Screening out weapons companies has limited downside.

It is perhaps a sad sign of the times when the latest episode of deadly gun violence doesn’t bring a fresh wave of calls from clients seeking to screen out investments in weapons manufacturers.

Financial advisers who specialize in various forms of environmental, social and governance investing say mass shootings have become so commonplace that the appetite for screening out gun company stocks has been holding steady over the past several years, but not climbing after a mass shooting.

“This topic has been a major concern for years for a lot of my clients, but I haven’t seen any new interest from the recent shootings,” said Mitchell Kraus, a partner at Capital Intelligence Associates.

While Mr. Kraus said the Valentine’s Day mass shooting at a Florida high school didn’t spark any new calls from clients, he has had clients call following other incidents of gun violence checking to make sure they are still not invested in any weapons companies.

“I always expect an increase in calls and I rarely see it,” he said. “At this point, with as many shootings as we’ve seen over the past few years, those conversations with clients have already been had.”

It has become an unfortunate reality across the financial planning space that the steady stream of gun violence and mass shootings is barely moving the needle in terms of increased investor advocacy, according to Meggin Thwing Eastman, head of ESG impact and screening research at MSCI.

“It is certainly a long-standing issue and certain investors have been screening out weapons companies for decades,” she said. “I wish I could tell you there’s a spike in interest after gun violence, but the gun violence is so steady.”

More predictable, Ms. Eastman added, is a short-term spike in weapons-related stock prices and an increase in retail gun sales. The market often reacts to gun violence by driving up the price of weapons-related stocks based on the assumption that tougher gun laws will follow.

The good news for investors wanting to avoid exposure to weapons manufacturers is that it is a relatively small group, she said.

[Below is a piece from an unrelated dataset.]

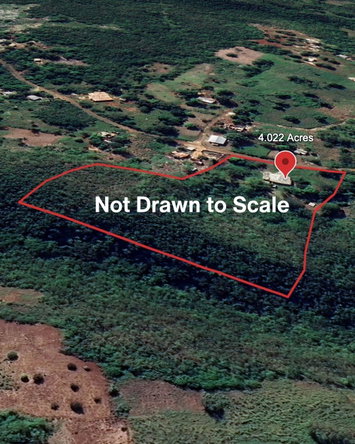 Twenty-Ninth image of Tatchwalk, Plowden, Manc in Plowden Hill, Manchester, Jamaica - property is For Sale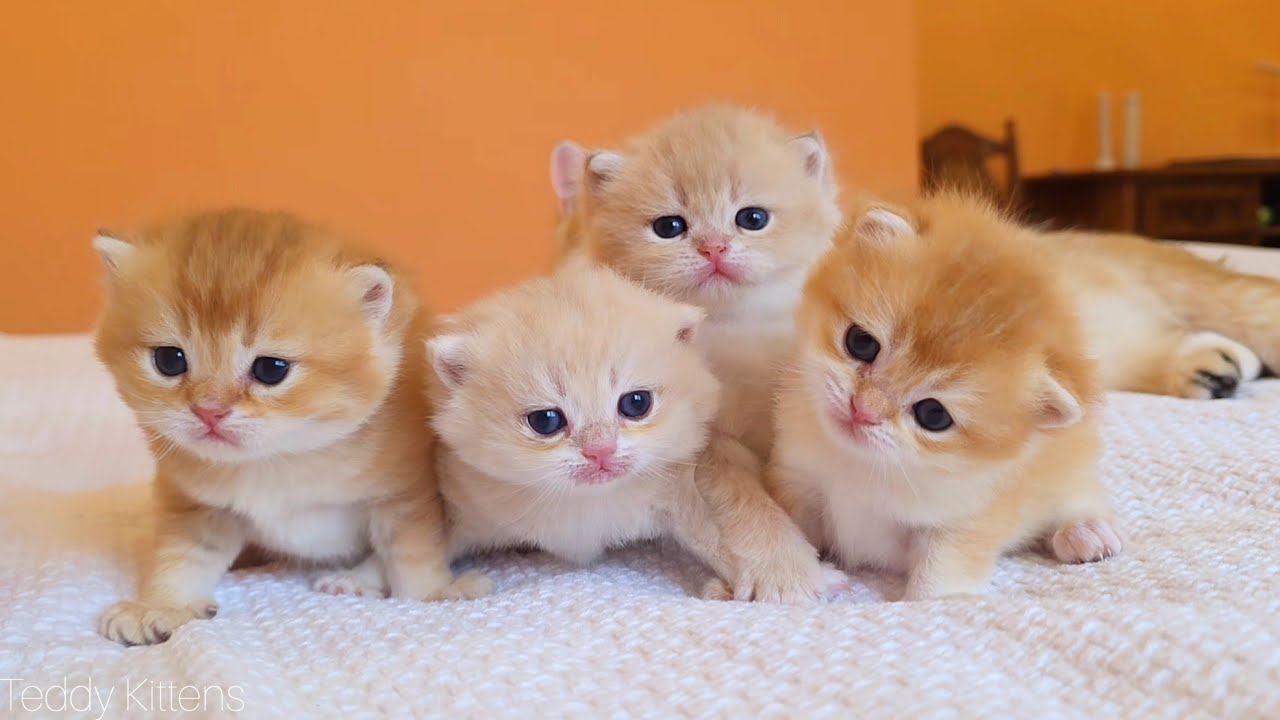 What Did We Name Our Kittens? Meet Them During Their First Trip Out of the Nest!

Therefore, unlike eliminating a major industry like oil companies, removing weapons companies tends to have a minimal impact on portfolio performance.

If the increasing string of gun violence isn’t having a major impact on investing preferences, it is stirring more conversations with clients about gun laws, said Thomas Balcom, founder of 1650 Wealth Management.

Mr. Balcom, whose Broward County office is just 12 miles from Marjory Stoneman Douglas High School, where 17 people were killed on Feb. 14, said his clients are becoming increasingly vocal about ways to get the U.S. Congress to pass tougher gun laws.

“I have had clients that are both Democrats and Republicans alike state that they are in support of assault-rifle bans and restrictions,” he said. “I would have to agree with them that assault rifles were not around when our forefathers drafted the Second Amendment in 1791. If they were, I believe that they would have agreed that assault rifles were not required for hunting and/or to protect one’s family.”

The political side of the growing gun violence is where some advisers find themselves walking a fine line, according to Alex Murguia, managing principal at McLean Asset Management.

“In terms of screening out weapons companies, it is starting at the conversation level and some clients will follow through and take action in their portfolios,” he said. “But it gets tricky as an adviser, because the political debate either leans to the right or to the left. Unless it’s part of your branding, we think it’s best to stay politically agnostic.”